Rabbi Allen has some interesting points. One Rosh Hashanah morning I was sitting on the Atlantic Coast, at Plum Island, just after blowing shofar at sunrise. Soon I would be leaving for Germany to be the Yom Kippur rabbi in a small town. The world looked like an especially scary place that year. A rabbi had been stabbed in Frankfurt and a terrorist plot had been foiled in Heidelberg. “It doesn’t have to be this way. Sitting here the world looks so calm, so peaceful, so easy. It doesn’t have to be complicated. We should just watch the sunrise over the ocean and breathe deeply.” Rabbi Allen’s idea combines what Rabbi Kershenbaum said about G-d and us counting to 10 (or 13) when we get angry and the idea of the breathe of life. When G-d created us, G-d breathed life into us. The soul (neshama, another word for breath), is pure. G-d breathed it into us. How do you take a breath? Go ahead. Do it right now. Breathe in goodness. Breathe out tension and stress. Breathe in G-d’s loving presence. Breathe out anger, fear and insecurity.

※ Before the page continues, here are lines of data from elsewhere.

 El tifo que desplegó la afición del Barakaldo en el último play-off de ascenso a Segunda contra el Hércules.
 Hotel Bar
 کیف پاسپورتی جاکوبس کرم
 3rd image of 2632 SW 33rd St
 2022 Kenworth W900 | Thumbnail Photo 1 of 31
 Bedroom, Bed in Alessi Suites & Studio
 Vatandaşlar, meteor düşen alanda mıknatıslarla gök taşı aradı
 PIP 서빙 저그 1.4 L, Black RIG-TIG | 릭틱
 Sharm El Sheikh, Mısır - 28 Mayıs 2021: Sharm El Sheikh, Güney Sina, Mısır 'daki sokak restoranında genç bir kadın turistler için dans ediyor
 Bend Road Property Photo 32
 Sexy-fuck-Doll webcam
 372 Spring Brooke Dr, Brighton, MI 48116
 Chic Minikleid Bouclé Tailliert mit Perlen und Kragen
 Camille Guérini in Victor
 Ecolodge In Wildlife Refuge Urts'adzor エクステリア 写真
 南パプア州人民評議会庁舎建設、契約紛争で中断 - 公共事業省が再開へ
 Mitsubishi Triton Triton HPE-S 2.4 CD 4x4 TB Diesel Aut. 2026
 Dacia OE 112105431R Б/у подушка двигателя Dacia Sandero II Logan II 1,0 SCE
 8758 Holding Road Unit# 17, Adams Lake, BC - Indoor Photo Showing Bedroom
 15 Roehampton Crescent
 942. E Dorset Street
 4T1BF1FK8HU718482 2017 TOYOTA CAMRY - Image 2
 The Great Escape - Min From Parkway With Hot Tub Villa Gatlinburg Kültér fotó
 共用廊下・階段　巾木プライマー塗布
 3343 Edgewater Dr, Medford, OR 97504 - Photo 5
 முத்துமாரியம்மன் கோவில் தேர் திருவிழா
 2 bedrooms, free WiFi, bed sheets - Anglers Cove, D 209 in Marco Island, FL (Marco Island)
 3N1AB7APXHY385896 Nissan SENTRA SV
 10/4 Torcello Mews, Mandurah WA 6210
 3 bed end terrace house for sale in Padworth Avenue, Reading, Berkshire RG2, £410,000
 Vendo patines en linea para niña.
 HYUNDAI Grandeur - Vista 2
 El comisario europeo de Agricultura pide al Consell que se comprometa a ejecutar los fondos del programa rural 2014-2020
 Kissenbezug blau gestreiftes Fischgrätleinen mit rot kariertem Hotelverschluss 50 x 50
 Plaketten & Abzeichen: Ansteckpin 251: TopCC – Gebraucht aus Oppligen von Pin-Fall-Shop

Margaret, I posted a long comment yesterday and then evidently hit a wrong key and it disappeared! I tried everything I could think of to miraculously make it appear again but to no avail! It was a traumatic experience that haunted my day! I hope I will be more successful today! I am very impressed by your guest blogger today. I have always loved the beauty of nature but have never really been a gardener. Rabbi Allen has introduced a new insight to me that has provided much to ponder. A new way to see things. Your idea of having guest bloggers during Elul is great and I am very proud to have been a guest last year!
Dona, I am sorry you lost a comment yesterday. If you try writing it again in an email, I will post it (and it is less likely, maybe to get lost because you can save the draft. I have been enjoying this project and you are welcome to be a blogger again this year, spaces still available! While I don’t garden (yet) i hope to soon. The connection between nature and spirituality, to G-d the Creator is very real. Rabbi Allen’s blog outlines that and someone there wrote a wonderful poem about G-d the Gardener.
More about breath. Last night we sat outside on our deck, trying to catch glimpses of meteors. There is an actual blessing for shooting stars. Baruch Atah Adonai Eloheinu Melech ha’olom oseh ma’aseh vereshit. (Blessed are You, G-d, our Lord, Ruler of the Universe, Who reenacts the work of Creation.) We saw seven and that was awesome, in its most precise meaning. But there was another moment, on a fall-like August night. My daughter announced, “Mommy, I can see my breath!” A little too early in the season for me, but both the distant shooting stars and the very close at hand breath reminded me of G-d’s loving presence. My mother used to have a T-shirt, which as a COPD patient she thought was very funny. It read, “Remember to breathe!” So today, remember to breathe. Every breath is an opportunity to remember and praise the One who created you in love.